Non-Kahler Complex manifolds For a non-Kahler complex manifold $M$, we still have the decomposition of differential forms into differential forms of type $(p,q)$ and we can write $d=\partial+\bar\partial$ and we can define cohomology classes $H^{p,q}_{\bar\partial}(M)$.
In general is there any relation between $h^r(M)$ and $h^{p,q}(M)$?

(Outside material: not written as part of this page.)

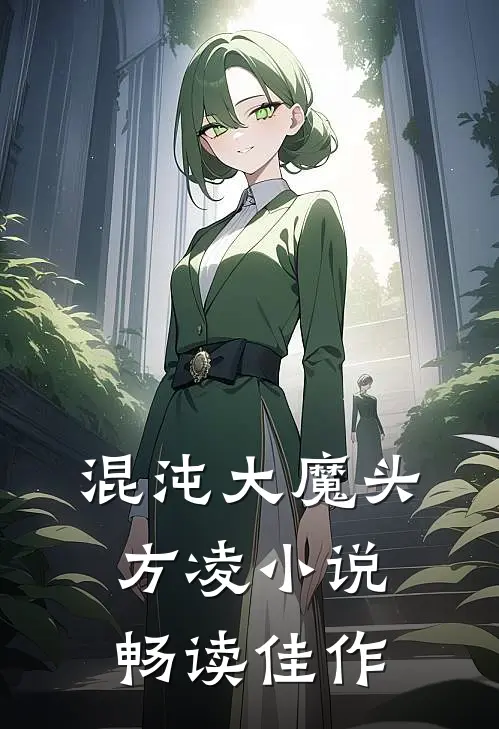 混沌大魔头方凌小说畅读佳作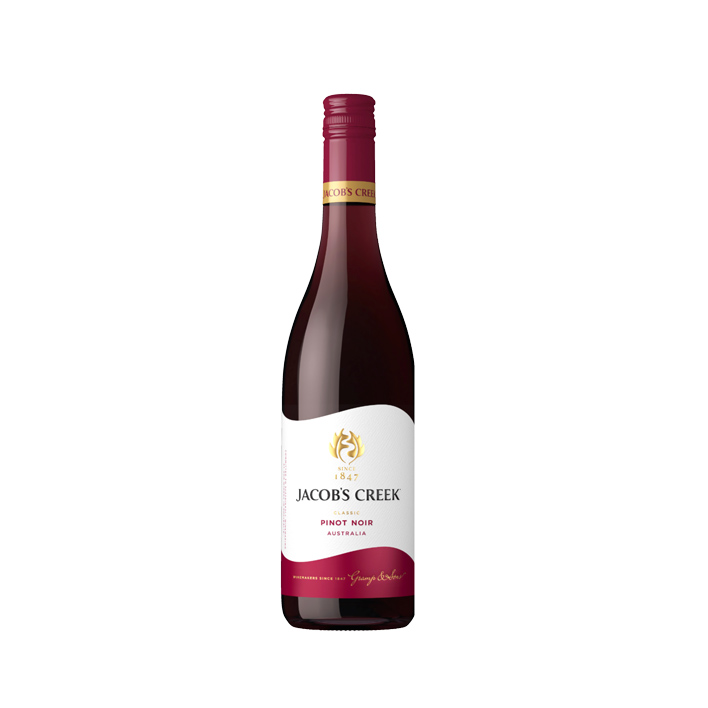 Jacobs Creek Classic Pinot Noir 750ml product image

 A: Let $X$ be a compact complex manifold of complex dimension $n$. The Hodge-Frölicher spectral sequence starts with
$$
E_1^{p,q}=H^{p,q}(X,\mathbb C)
$$ 
and the limit term $E^{p,q}_\infty$ is the graded module associated  to a filtration of the de Rham cohomology group $H^{p+q}_{\text{dR}}(X,\mathbb C)$. In particular
$$
b_k=\sum_{p+q=k}\dim E_\infty^{p,q}\le\sum_{p+q=k}\dim E_1^{p,q}=\sum_{p+q=k}h^{p,q}.
$$ 
The equality is equivalent to the degeneration of the spectral sequence at the $E_1^\bullet$ level.

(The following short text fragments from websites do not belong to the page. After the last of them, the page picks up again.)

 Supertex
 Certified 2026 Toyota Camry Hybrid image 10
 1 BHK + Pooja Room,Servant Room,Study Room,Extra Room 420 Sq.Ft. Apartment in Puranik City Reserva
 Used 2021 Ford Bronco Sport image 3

On the other hand, an elementary lemma on bounded complexes of finite dimensional vector spaces applied to $E^\bullet_r$, tells you that you always have equality for the (topological) Euler characteristic:
$$
\chi_{\text{top}}(X)=\sum_{k=0}^{2n}(-1)^kb_k=\sum_{p,q=0}^n(-1)^{p+q}h^{p,q}.
$$ 
A: For any compact complex manifold there is a spectral sequence with $E_1$ term $H^{p,q}(M)$ which converges to $H^{p+q}(M)$. If $M$ were Kahler, then this spectral sequence would degenerate at the $E_2$ page, giving the familiar Hodge decomposition on cohomology.

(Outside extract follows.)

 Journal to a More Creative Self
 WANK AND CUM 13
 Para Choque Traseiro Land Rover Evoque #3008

In general, there is still a filtration on the cohomology, and the associated graded pieces will be sub-quotients of the $H^{p,q}(M)$.
So there is such a relationship between Hodge numbers and Betti numbers, but being able to write it down depends on being able to calculate the differentials in the spectral sequence.
Voisin's book, Hodge Theory and Complex Algebraic Geometry has more information. There is also an interesting exercise in which you can calculate the precise relationship in the case when $M$ is a complex surface (not necessarily Kahler).